■ SUPPLIED DATA

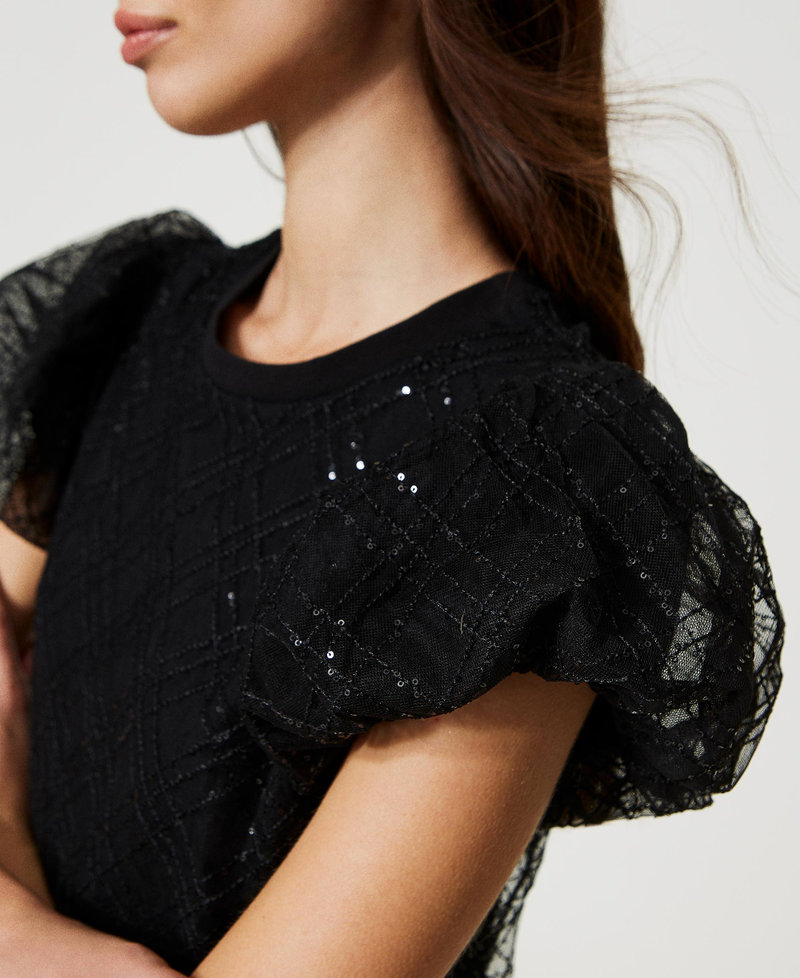 T-shirt doubl&eacute; de tulle brod&eacute;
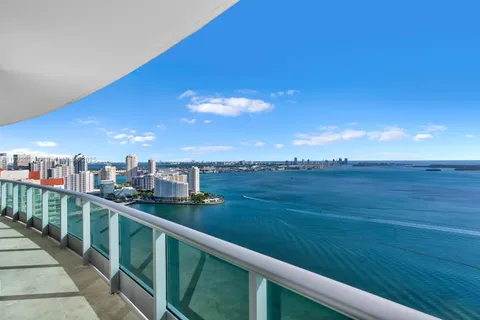 1331 Brickell Bay Dr # 3901, Miami FL 33131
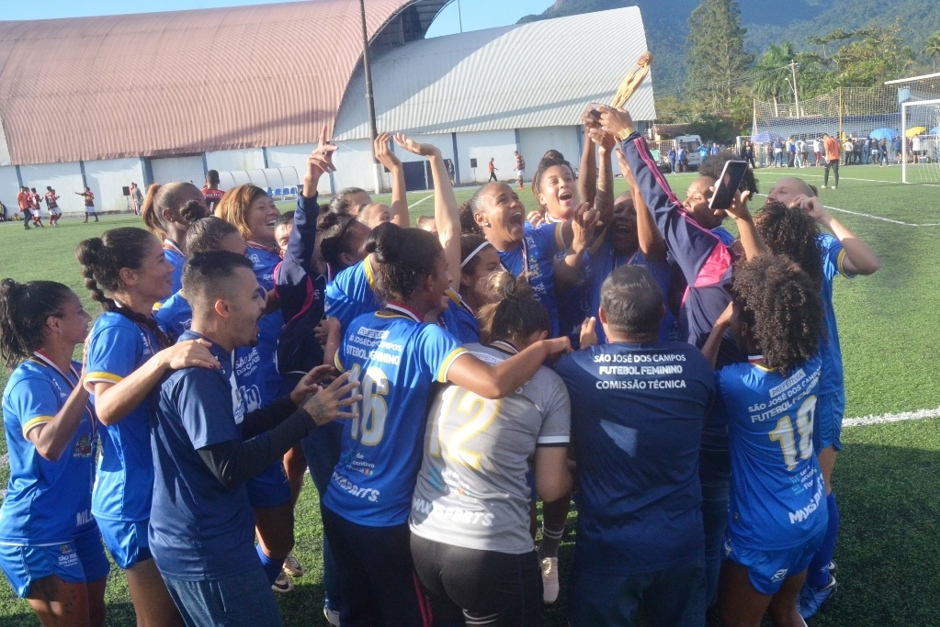 final-futebol-feminino-sj-campeao-9.jpg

■ ASSIGNMENT
Transcribe the data word for word, with no images.

■ RESPONSE TO THIS EXERCISE
 T-shirt doubl&eacute; de tulle brod&eacute;
 1331 Brickell Bay Dr # 3901, Miami FL 33131
 final-futebol-feminino-sj-campeao-9.jpg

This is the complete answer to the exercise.